### Task instructions
Whenever a line in the data holds the string "year", pull that line out.

### Source data
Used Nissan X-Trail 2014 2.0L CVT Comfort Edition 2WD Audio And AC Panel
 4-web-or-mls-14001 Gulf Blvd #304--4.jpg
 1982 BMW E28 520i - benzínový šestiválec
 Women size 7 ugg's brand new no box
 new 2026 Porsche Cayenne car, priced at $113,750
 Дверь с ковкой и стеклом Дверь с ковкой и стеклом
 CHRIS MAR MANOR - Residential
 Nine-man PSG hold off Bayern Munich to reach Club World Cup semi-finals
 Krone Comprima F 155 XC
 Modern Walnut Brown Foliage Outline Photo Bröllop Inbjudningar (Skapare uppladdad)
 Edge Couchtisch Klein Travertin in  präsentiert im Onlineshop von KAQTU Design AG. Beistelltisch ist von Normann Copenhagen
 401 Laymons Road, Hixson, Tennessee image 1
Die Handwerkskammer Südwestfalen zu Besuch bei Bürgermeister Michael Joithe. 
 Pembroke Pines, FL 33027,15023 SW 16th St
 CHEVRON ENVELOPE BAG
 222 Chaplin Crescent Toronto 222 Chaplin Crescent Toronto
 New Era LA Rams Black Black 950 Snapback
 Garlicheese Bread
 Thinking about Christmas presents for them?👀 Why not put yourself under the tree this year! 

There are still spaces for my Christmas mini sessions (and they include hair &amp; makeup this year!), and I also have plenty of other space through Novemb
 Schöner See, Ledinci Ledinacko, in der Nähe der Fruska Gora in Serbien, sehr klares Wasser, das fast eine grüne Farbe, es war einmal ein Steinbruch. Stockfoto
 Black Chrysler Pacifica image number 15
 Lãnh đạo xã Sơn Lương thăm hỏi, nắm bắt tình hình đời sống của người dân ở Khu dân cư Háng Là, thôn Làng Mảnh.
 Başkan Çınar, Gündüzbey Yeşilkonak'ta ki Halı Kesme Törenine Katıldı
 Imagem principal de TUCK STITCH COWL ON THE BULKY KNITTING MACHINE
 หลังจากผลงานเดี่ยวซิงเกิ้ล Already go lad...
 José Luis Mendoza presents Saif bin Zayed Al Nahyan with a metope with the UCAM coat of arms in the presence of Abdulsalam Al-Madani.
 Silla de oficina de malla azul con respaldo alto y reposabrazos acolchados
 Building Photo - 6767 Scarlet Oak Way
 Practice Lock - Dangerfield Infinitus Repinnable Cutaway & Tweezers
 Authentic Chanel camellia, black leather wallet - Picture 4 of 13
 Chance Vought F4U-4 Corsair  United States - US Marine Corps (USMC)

### Exercise response
 Thinking about Christmas presents for them?👀 Why not put yourself under the tree this year! 
There are still spaces for my Christmas mini sessions (and they include hair &amp; makeup this year!), and I also have plenty of other space through Novemb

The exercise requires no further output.